TASK INSTRUCTIONS
Using the data that follows, state the number of lines holding the word "High", and give no other output.

---------- MATERIAL FOR THIS TASK ----------

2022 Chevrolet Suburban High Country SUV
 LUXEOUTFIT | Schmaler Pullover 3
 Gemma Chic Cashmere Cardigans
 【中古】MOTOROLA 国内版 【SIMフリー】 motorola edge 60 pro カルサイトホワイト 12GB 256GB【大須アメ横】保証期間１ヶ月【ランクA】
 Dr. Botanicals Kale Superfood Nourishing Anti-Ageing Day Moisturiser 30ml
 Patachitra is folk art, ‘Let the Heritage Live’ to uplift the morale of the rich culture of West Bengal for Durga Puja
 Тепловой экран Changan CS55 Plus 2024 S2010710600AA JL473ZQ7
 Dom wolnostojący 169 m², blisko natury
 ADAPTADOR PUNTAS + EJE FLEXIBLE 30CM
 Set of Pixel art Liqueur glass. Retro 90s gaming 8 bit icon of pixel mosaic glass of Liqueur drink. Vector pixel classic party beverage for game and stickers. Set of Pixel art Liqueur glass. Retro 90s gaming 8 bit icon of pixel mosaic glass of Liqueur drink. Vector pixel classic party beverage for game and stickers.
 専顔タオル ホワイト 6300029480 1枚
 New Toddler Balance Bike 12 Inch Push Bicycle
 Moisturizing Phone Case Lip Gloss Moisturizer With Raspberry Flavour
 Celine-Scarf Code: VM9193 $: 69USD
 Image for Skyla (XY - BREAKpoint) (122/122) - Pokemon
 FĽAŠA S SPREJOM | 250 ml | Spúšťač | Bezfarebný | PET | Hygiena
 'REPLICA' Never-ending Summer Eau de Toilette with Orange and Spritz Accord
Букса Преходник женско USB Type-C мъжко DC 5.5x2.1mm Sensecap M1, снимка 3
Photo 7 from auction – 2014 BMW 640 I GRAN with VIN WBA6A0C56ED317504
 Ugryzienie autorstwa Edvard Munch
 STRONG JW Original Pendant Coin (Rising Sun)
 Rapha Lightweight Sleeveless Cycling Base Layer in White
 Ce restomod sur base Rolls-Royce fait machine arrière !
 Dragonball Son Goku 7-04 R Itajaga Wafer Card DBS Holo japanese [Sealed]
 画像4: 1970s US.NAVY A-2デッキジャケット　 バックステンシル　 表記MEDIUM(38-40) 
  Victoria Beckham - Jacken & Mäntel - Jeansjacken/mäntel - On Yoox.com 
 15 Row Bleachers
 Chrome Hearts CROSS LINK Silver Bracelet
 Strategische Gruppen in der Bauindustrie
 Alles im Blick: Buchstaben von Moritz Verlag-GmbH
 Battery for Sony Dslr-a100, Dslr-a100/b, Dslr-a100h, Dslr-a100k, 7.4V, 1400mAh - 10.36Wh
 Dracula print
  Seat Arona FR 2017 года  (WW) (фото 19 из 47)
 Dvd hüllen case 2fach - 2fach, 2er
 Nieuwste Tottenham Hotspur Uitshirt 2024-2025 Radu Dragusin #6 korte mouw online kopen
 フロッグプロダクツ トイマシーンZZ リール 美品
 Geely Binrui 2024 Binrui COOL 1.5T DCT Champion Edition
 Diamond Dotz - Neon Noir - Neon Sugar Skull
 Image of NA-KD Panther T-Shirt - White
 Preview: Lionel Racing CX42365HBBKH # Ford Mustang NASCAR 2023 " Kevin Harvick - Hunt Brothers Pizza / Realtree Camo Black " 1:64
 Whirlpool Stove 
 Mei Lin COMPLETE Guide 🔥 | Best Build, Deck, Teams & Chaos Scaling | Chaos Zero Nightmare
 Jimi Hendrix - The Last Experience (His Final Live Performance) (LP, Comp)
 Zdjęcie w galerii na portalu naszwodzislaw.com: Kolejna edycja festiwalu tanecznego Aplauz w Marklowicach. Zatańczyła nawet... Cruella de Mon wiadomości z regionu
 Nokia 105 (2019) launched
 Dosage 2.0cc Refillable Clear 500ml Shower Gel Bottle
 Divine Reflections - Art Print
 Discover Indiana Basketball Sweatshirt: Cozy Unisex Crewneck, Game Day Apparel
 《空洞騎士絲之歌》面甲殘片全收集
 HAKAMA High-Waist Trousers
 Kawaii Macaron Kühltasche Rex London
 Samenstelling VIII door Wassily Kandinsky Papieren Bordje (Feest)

----------

WRITTEN RESPONSE
2